§ **WORK INSTRUCTIONS**: Write down exactly the lines of the listing below, beginning with the one containing "HOMCOM Couchtisch-100L x 60B x 46H cm-Braun" and closing with the final line.

§ **INPUT FOR THIS TASK**:
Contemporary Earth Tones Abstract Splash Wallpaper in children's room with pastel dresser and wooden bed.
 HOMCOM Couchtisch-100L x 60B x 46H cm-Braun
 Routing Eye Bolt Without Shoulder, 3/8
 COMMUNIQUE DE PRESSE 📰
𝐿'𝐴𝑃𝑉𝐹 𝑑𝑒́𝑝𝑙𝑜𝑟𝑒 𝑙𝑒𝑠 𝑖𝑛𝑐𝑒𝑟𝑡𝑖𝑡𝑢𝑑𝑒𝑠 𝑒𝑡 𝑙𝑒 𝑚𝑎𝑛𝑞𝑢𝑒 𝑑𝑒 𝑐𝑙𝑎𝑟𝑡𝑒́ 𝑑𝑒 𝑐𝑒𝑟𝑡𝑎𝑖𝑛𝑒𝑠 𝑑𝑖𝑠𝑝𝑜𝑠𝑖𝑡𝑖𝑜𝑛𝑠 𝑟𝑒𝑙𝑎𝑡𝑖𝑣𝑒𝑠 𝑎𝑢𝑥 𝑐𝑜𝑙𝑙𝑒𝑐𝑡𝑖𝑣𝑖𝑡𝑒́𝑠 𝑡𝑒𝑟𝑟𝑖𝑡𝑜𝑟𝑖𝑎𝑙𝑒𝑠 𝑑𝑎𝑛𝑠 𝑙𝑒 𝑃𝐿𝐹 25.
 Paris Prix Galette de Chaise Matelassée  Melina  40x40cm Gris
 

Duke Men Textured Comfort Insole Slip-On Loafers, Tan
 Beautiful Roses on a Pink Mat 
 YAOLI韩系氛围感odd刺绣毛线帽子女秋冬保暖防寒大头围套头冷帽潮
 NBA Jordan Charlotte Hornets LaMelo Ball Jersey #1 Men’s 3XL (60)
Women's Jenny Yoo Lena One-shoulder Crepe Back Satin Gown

§ **WRITTEN REPLY**:
 HOMCOM Couchtisch-100L x 60B x 46H cm-Braun
 Routing Eye Bolt Without Shoulder, 3/8
 COMMUNIQUE DE PRESSE 📰
𝐿'𝐴𝑃𝑉𝐹 𝑑𝑒́𝑝𝑙𝑜𝑟𝑒 𝑙𝑒𝑠 𝑖𝑛𝑐𝑒𝑟𝑡𝑖𝑡𝑢𝑑𝑒𝑠 𝑒𝑡 𝑙𝑒 𝑚𝑎𝑛𝑞𝑢𝑒 𝑑𝑒 𝑐𝑙𝑎𝑟𝑡𝑒́ 𝑑𝑒 𝑐𝑒𝑟𝑡𝑎𝑖𝑛𝑒𝑠 𝑑𝑖𝑠𝑝𝑜𝑠𝑖𝑡𝑖𝑜𝑛𝑠 𝑟𝑒𝑙𝑎𝑡𝑖𝑣𝑒𝑠 𝑎𝑢𝑥 𝑐𝑜𝑙𝑙𝑒𝑐𝑡𝑖𝑣𝑖𝑡𝑒́𝑠 𝑡𝑒𝑟𝑟𝑖𝑡𝑜𝑟𝑖𝑎𝑙𝑒𝑠 𝑑𝑎𝑛𝑠 𝑙𝑒 𝑃𝐿𝐹 25.
 Paris Prix Galette de Chaise Matelassée  Melina  40x40cm Gris
 

Duke Men Textured Comfort Insole Slip-On Loafers, Tan
 Beautiful Roses on a Pink Mat 
 YAOLI韩系氛围感odd刺绣毛线帽子女秋冬保暖防寒大头围套头冷帽潮
 NBA Jordan Charlotte Hornets LaMelo Ball Jersey #1 Men’s 3XL (60)
Women's Jenny Yoo Lena One-shoulder Crepe Back Satin Gown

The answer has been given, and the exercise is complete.